Python implementation of .MAM file generation for Remote File Inclusions (MS Access Macro) & Execution.
It has been observed that threat actors have used this technique as early as > 5 months in their phishing campaigns targeting wide variety of customers.
The basic idea behind this tool was to automate the generation of .MAM file to link it with the file that is required to be executed and/or open the domains.
In this implementation, the memexec.py simply opens the domain that is listed under .MAM file.
However, when it comes to the actual implementation, the .MAM files are shortcuts or you can say acts as a pointer to a remotely hosted .ACCDE file i.e. Microsoft Access Database containing the VBA Macros.

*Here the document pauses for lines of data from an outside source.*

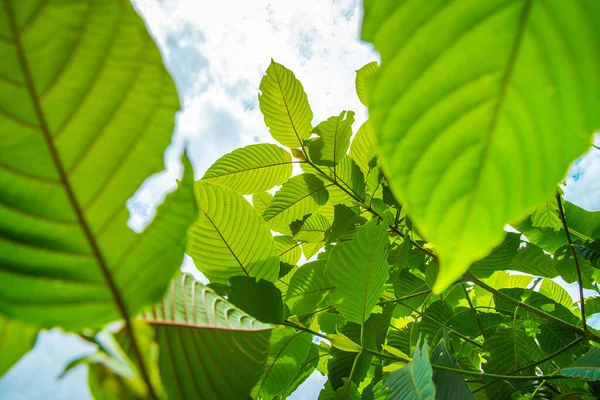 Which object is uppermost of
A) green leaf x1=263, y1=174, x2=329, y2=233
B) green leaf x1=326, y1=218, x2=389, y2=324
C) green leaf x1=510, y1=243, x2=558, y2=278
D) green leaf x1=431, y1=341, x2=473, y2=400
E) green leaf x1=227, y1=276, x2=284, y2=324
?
green leaf x1=263, y1=174, x2=329, y2=233

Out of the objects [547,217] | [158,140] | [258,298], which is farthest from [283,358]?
[547,217]

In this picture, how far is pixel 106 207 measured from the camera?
13.2 inches

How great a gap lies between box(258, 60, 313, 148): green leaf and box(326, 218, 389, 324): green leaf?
592mm

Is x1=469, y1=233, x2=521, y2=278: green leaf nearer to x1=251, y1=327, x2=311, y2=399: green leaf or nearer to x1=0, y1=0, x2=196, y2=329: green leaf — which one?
x1=251, y1=327, x2=311, y2=399: green leaf

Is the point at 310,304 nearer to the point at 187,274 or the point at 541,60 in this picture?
the point at 187,274

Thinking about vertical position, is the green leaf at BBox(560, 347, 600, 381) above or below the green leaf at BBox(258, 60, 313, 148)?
below

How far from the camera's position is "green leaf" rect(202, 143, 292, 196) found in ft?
5.14

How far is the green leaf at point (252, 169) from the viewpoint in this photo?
157cm

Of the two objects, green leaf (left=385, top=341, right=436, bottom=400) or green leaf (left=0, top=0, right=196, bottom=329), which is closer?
green leaf (left=0, top=0, right=196, bottom=329)

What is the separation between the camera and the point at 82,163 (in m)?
0.32

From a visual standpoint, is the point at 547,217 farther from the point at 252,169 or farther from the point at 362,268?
the point at 252,169

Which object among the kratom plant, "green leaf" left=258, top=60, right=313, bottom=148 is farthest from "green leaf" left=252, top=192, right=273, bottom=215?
the kratom plant

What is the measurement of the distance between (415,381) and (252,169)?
3.33ft

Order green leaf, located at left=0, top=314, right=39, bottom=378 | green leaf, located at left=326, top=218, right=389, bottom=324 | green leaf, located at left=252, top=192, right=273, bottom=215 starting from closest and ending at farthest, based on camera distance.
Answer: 1. green leaf, located at left=0, top=314, right=39, bottom=378
2. green leaf, located at left=326, top=218, right=389, bottom=324
3. green leaf, located at left=252, top=192, right=273, bottom=215
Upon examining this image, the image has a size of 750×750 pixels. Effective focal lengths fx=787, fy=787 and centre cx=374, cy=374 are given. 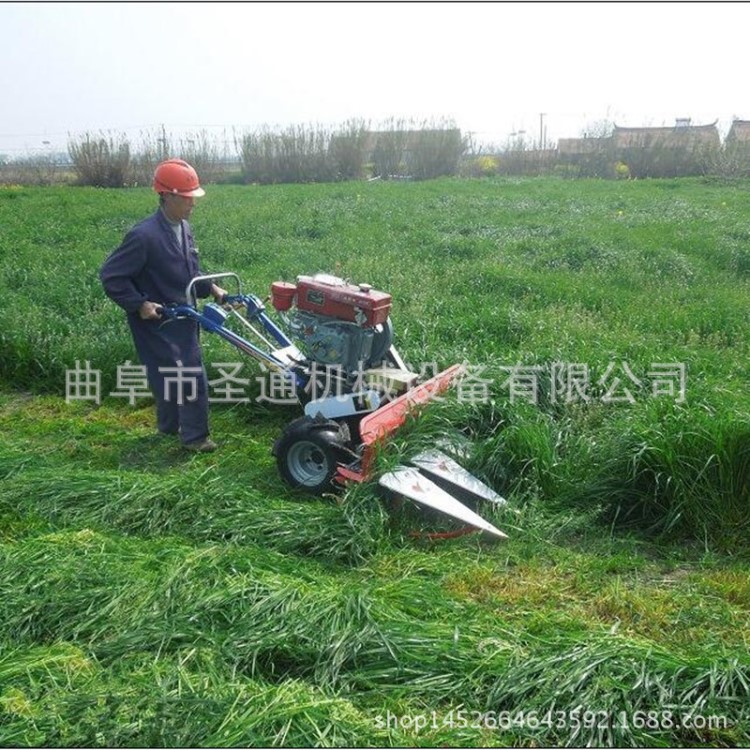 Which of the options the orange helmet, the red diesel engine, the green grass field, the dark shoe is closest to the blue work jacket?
the orange helmet

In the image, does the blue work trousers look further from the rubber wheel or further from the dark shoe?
the rubber wheel

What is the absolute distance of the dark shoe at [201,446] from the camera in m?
5.43

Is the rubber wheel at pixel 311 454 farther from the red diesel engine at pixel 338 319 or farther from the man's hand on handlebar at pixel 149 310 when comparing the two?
the man's hand on handlebar at pixel 149 310

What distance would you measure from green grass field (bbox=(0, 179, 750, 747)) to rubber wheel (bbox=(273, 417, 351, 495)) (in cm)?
13

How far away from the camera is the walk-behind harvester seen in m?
4.38

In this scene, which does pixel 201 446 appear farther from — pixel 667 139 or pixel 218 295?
pixel 667 139

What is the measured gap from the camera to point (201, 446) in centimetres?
544

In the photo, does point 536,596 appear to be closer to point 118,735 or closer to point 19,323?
point 118,735

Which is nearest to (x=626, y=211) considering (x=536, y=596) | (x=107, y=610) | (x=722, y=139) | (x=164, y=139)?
(x=536, y=596)

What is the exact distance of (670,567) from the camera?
3838 mm

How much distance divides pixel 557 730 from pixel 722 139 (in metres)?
33.8

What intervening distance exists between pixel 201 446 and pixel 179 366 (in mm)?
571

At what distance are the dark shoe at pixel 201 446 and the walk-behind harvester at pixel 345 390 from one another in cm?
72

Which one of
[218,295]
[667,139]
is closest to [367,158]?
[667,139] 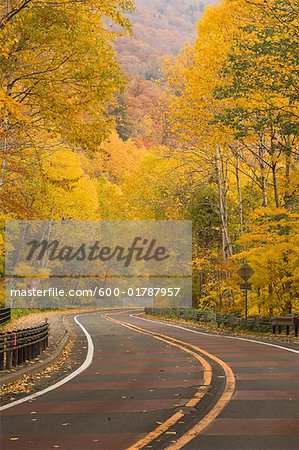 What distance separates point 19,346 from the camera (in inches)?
698

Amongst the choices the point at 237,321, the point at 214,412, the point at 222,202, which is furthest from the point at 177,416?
the point at 222,202

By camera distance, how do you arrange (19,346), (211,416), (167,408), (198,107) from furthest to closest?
(198,107) < (19,346) < (167,408) < (211,416)

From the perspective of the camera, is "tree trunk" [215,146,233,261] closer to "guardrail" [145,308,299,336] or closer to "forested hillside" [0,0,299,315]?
"forested hillside" [0,0,299,315]

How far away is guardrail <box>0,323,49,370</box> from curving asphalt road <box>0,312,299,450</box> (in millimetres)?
1782

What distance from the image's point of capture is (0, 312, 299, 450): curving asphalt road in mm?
8523

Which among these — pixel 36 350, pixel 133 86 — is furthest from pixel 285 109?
pixel 133 86

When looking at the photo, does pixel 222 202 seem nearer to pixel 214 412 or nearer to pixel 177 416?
pixel 214 412

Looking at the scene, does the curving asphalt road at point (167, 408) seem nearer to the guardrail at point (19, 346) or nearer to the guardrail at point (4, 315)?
the guardrail at point (19, 346)

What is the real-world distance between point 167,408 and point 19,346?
25.0 ft

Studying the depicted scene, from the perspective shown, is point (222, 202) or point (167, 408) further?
point (222, 202)

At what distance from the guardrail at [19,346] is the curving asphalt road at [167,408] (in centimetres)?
178

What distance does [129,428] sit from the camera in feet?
30.7

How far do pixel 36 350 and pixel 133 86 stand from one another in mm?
143297

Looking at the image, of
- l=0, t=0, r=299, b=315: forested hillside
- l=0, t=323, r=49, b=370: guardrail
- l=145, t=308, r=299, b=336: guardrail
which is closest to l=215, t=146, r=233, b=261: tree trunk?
l=0, t=0, r=299, b=315: forested hillside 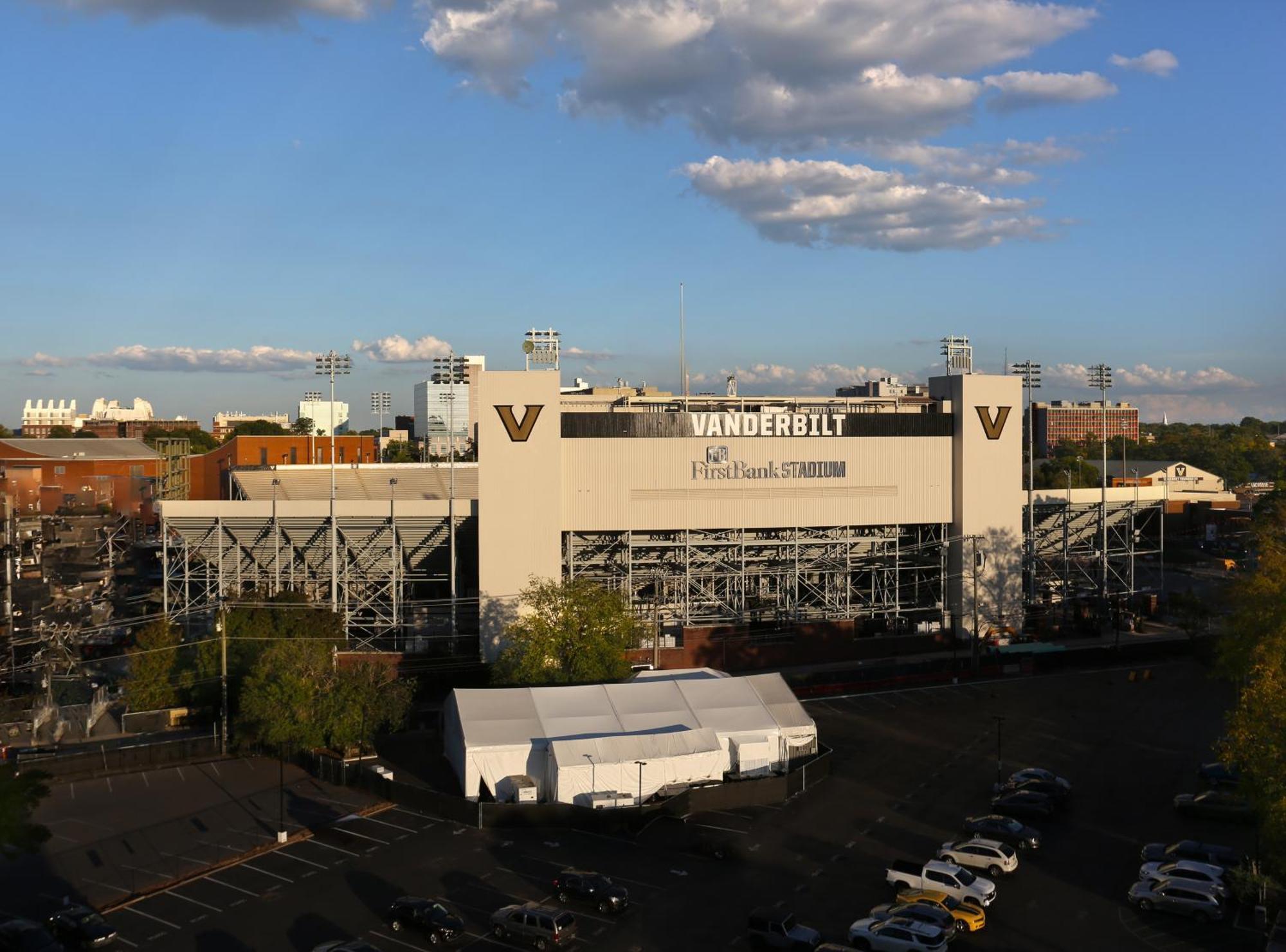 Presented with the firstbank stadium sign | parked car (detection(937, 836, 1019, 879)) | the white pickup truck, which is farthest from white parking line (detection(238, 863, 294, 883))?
the firstbank stadium sign

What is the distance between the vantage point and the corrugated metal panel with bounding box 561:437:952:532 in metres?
52.8

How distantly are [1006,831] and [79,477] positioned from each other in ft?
295

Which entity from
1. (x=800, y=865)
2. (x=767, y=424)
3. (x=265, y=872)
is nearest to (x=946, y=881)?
(x=800, y=865)

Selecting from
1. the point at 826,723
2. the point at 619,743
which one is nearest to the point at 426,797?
the point at 619,743

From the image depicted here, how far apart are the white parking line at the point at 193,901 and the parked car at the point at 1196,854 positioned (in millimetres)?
22766

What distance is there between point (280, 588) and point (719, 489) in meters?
22.9

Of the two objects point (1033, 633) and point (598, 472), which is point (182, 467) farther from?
point (1033, 633)

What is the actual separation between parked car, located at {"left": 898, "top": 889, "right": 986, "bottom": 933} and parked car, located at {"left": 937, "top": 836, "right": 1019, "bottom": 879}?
222cm

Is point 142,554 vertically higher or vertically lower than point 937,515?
lower

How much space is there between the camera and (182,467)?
99000 millimetres

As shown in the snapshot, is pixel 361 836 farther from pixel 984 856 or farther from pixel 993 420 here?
pixel 993 420

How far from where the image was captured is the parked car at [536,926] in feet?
75.6

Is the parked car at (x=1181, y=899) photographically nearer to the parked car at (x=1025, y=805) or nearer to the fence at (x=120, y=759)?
the parked car at (x=1025, y=805)

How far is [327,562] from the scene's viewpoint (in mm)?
56531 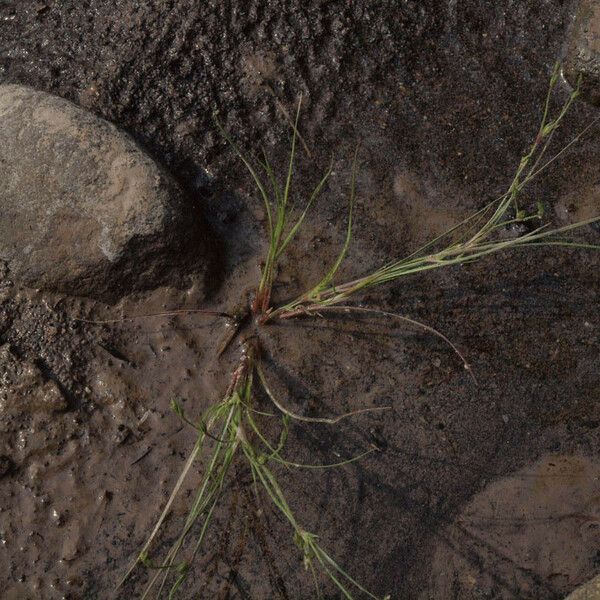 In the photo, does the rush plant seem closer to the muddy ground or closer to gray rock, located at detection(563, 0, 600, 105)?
the muddy ground

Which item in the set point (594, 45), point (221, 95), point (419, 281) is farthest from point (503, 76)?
point (221, 95)

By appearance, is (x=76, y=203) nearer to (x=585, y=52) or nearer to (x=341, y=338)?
(x=341, y=338)

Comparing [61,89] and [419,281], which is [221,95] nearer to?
[61,89]

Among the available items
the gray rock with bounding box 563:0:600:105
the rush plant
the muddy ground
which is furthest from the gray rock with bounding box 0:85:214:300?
the gray rock with bounding box 563:0:600:105

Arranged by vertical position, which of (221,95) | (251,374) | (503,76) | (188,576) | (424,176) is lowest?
(188,576)

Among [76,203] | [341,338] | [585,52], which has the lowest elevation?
[341,338]

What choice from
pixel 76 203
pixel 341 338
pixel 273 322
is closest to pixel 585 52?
pixel 341 338

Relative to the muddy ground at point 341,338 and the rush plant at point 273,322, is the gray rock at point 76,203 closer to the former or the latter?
the muddy ground at point 341,338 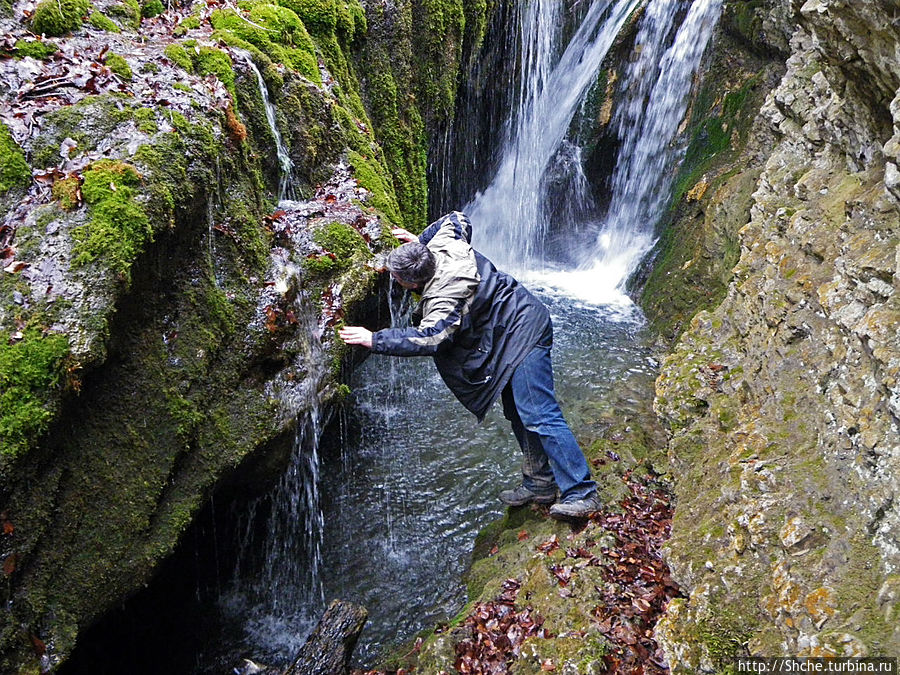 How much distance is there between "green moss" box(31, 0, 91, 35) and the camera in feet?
15.1

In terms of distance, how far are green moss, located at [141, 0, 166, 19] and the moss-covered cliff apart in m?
0.03

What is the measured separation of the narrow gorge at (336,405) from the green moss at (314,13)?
4 centimetres

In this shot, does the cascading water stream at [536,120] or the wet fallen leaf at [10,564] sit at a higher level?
the cascading water stream at [536,120]

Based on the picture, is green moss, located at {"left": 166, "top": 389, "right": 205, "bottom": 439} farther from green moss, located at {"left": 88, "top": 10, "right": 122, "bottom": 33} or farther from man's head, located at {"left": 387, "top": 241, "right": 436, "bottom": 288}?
green moss, located at {"left": 88, "top": 10, "right": 122, "bottom": 33}

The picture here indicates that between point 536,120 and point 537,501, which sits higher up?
point 536,120

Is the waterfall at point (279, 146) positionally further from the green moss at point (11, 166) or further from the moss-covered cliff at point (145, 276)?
the green moss at point (11, 166)

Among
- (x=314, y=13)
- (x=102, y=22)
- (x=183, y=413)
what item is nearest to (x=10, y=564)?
(x=183, y=413)

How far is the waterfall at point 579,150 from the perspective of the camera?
464 inches

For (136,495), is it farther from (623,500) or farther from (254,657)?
(623,500)

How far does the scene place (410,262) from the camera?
170 inches

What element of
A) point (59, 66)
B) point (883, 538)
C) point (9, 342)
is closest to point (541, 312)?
point (883, 538)

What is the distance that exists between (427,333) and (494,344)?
705 mm

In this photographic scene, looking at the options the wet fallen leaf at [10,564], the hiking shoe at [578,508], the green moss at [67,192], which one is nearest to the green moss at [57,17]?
the green moss at [67,192]

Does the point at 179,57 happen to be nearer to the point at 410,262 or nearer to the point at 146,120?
the point at 146,120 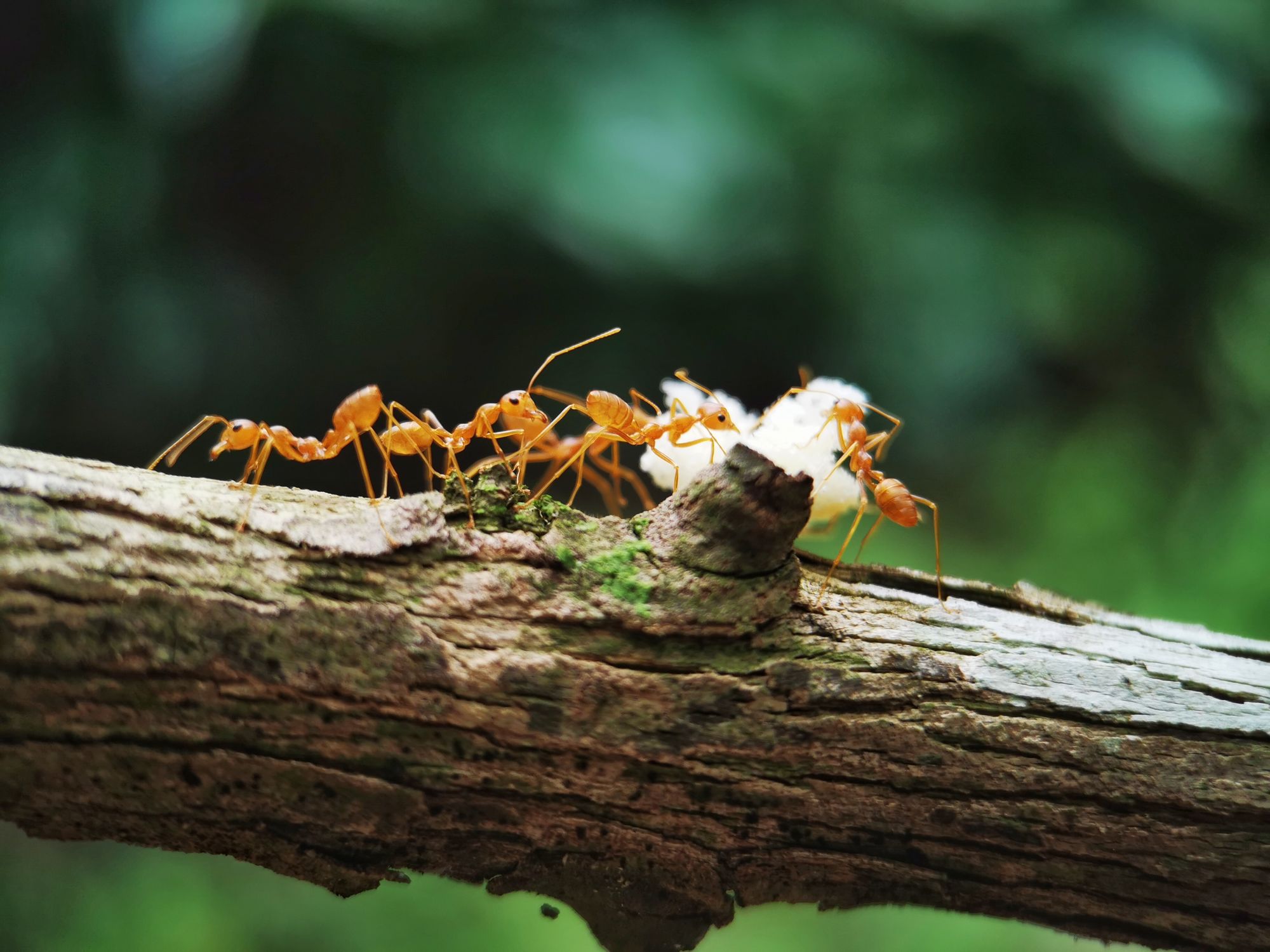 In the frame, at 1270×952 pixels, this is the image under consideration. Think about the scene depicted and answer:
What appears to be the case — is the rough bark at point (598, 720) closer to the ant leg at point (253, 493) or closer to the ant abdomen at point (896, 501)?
the ant leg at point (253, 493)

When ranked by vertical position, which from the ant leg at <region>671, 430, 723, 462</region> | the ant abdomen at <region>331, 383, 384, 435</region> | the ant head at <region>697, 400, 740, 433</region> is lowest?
the ant abdomen at <region>331, 383, 384, 435</region>

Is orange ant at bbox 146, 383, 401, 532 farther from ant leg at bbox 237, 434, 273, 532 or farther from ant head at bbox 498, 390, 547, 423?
ant head at bbox 498, 390, 547, 423

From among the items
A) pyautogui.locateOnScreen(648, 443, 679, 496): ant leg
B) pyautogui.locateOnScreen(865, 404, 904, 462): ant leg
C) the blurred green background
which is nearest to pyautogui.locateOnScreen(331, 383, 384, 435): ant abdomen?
pyautogui.locateOnScreen(648, 443, 679, 496): ant leg

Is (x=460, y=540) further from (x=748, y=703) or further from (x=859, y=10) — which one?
(x=859, y=10)

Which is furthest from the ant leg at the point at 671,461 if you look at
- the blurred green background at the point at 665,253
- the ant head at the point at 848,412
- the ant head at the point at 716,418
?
the blurred green background at the point at 665,253

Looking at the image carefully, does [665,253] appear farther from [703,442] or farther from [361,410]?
[361,410]

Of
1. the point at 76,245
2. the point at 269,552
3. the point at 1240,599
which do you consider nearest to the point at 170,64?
the point at 76,245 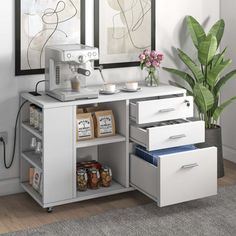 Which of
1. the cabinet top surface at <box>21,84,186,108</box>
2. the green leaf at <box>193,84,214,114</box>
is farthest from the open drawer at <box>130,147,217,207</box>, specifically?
the green leaf at <box>193,84,214,114</box>

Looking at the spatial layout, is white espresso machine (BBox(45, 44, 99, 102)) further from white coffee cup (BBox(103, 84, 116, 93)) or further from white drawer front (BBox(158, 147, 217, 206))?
white drawer front (BBox(158, 147, 217, 206))

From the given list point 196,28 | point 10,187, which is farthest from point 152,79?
point 10,187

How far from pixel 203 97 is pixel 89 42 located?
2.69 feet

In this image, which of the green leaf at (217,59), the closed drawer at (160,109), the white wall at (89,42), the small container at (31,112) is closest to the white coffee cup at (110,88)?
the closed drawer at (160,109)

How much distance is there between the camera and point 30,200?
3.96 meters

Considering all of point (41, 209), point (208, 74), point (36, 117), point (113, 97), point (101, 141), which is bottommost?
point (41, 209)

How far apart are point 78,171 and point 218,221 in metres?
0.90

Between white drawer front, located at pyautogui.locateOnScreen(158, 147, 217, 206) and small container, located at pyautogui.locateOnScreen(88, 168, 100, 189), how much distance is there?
477mm

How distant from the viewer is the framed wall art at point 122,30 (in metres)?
4.11

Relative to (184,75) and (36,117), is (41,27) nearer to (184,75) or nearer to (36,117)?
(36,117)

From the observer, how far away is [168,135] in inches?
147

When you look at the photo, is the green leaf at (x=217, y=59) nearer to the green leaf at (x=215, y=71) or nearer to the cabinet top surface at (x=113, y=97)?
the green leaf at (x=215, y=71)

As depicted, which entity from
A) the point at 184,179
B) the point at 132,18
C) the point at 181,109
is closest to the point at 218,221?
the point at 184,179

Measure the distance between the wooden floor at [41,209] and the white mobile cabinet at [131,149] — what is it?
2.8 inches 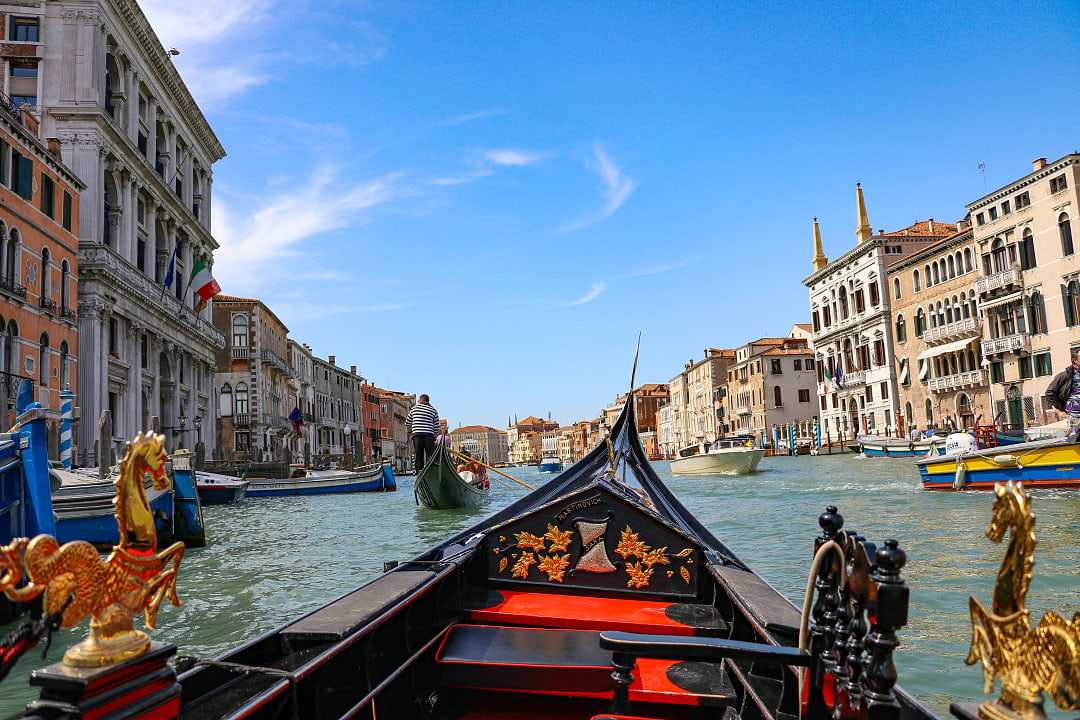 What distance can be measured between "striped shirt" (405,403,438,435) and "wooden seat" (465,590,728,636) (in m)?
6.92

Threat actors can have this file sent over email to the victims while pointing the .ACCDE file hosted over HTTP/SMB. The shortcut calls the file and have it executed.
Definitely if the Macros are disbaled it might not run and gives a prompt to execute the macros. But this might not happen in the older version of MS Access/Office etc.
The script is responsible to generating the .MAM file. Rather than creating is manually, it can be achived via GUI.
The script is responsible for executing the .MAM file. This is a custom implementation. In case of real victim, this is not required and .MAM file will work automatically.
In our case mamexec.py will read the .MAM file as we have to point to script to it, finds out the domains and then simply opens the default web browser to open the URL/Domain embedded within the .MAM file.
Its a pretty cool method from the past. But we don't really have to forget that some really good custom implementations of this tool can come into the market. As more complex the environment is becoming, the more simple the attack might become that can lead to a successful compromise.
I will also recommend to go through the first post as it shows how this thing actually works. The tool in this repo is not exactly how it should work but a different implementation of the same.